## What needs to be done
Pictures are to be omitted, and every entry below is to be restated exactly.

======== Material for this exercise ========

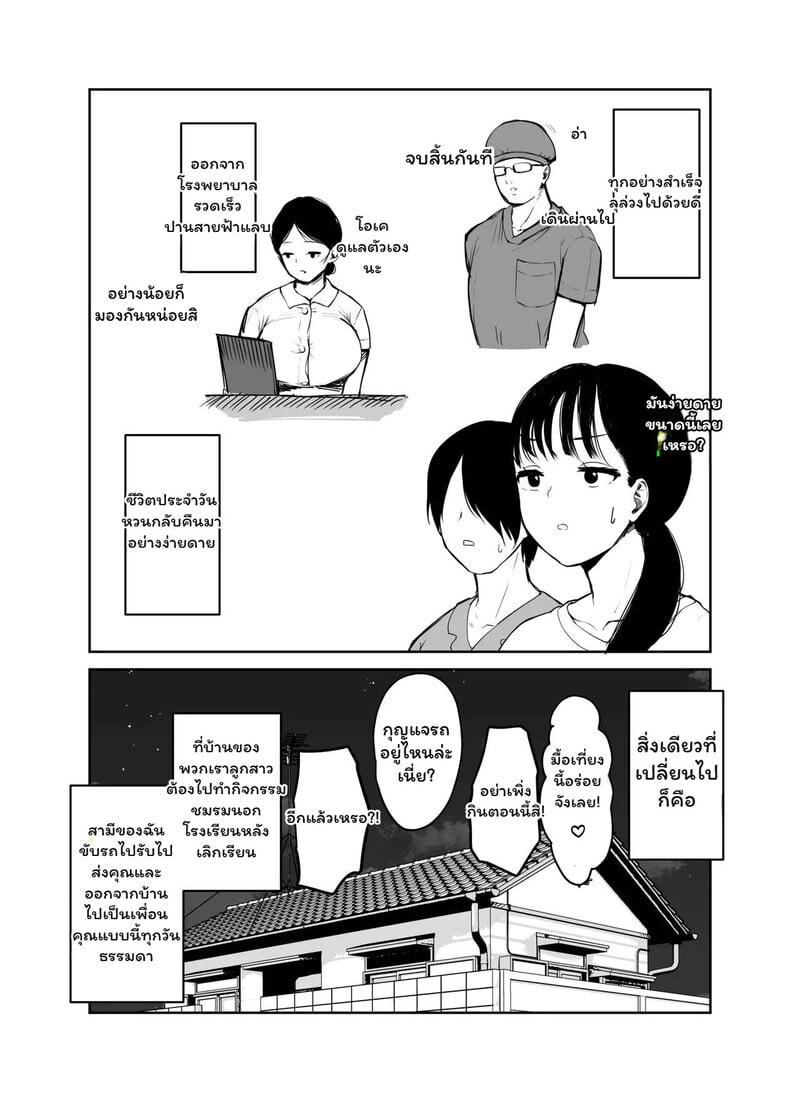 สัญญาที่ถูกลืม - หน้า 68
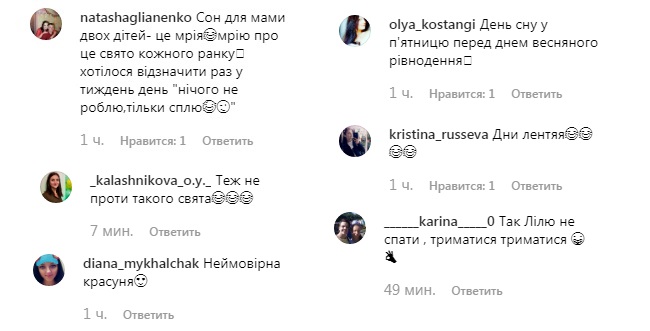 "Невероятная красавица": Лилия Ребрик зачаровала стройностью в сочном комбинезоне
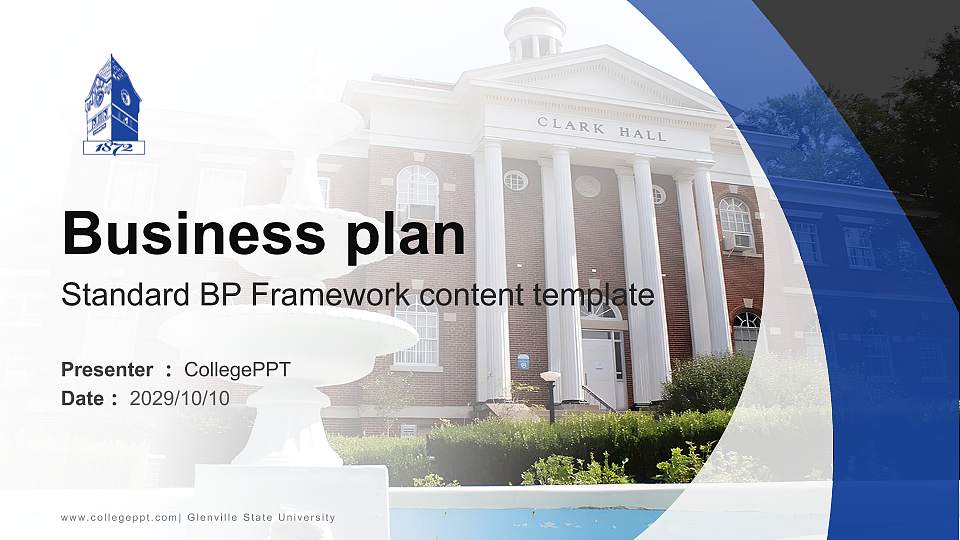 Glenville State University Competition/Entrepreneurship Contest PPT Template16:9 ratio PPT effect preview image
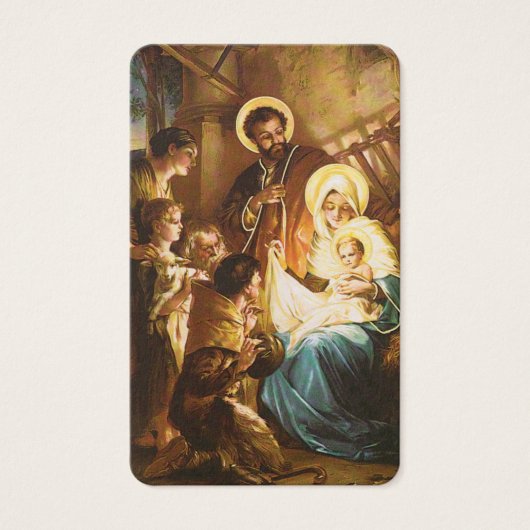 葬式神聖な家族の損失祈りの言葉同情カード (正面)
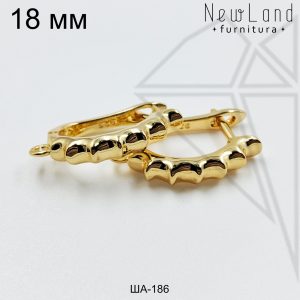 Швензы зиг-заг английский замок 18 мм (золото)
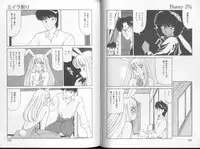 [Oshino Shinobu] Bunny 3%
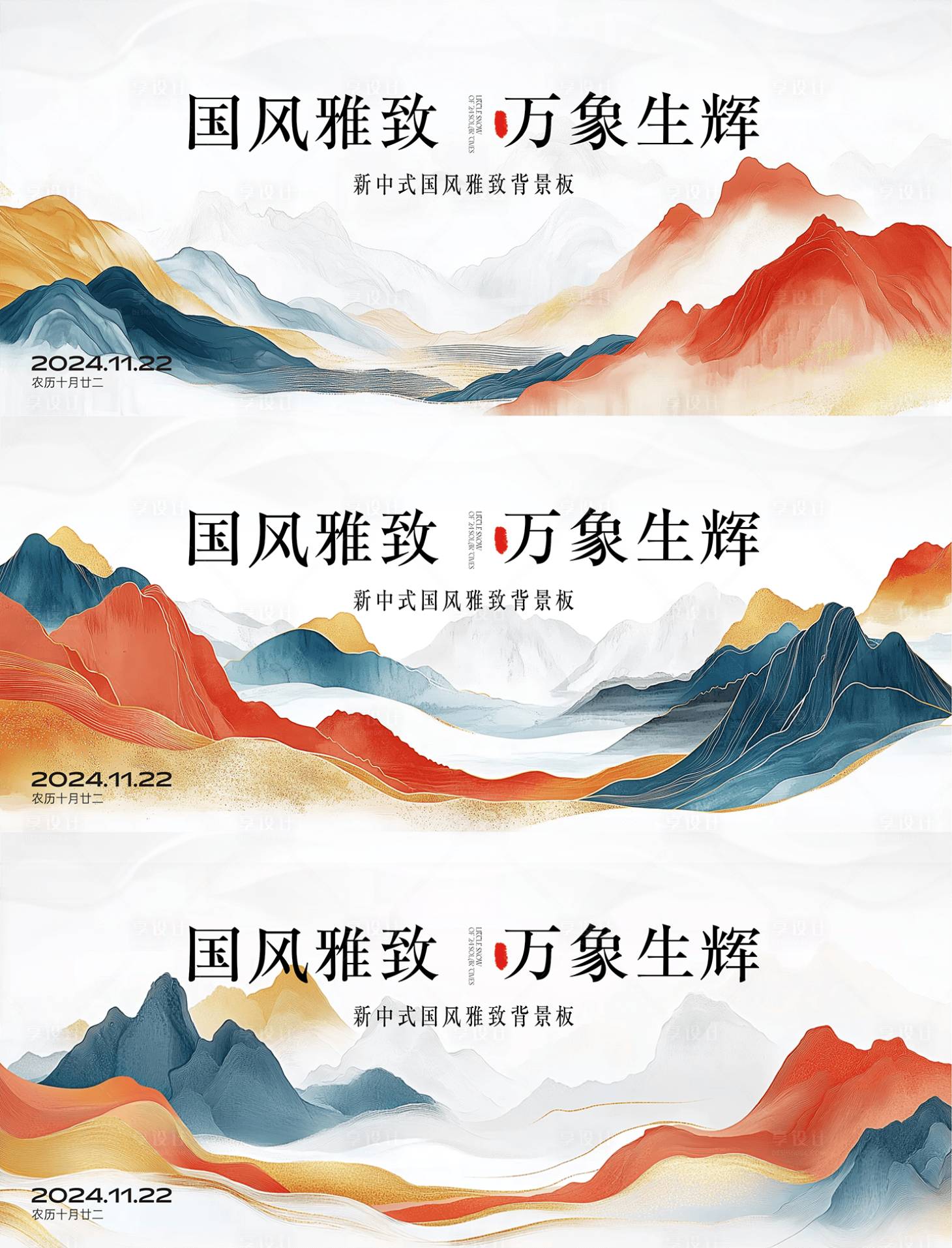 源文件下載【享設計】搜索編號：16710029173764729【國風中式主畫面活動展板】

========

## Response
 สัญญาที่ถูกลืม - หน้า 68
 "Невероятная красавица": Лилия Ребрик зачаровала стройностью в сочном комбинезоне
 Glenville State University Competition/Entrepreneurship Contest PPT Template16:9 ratio PPT effect preview image
 葬式神聖な家族の損失祈りの言葉同情カード (正面)
 Швензы зиг-заг английский замок 18 мм (золото)
 [Oshino Shinobu] Bunny 3%
 源文件下載【享設計】搜索編號：16710029173764729【國風中式主畫面活動展板】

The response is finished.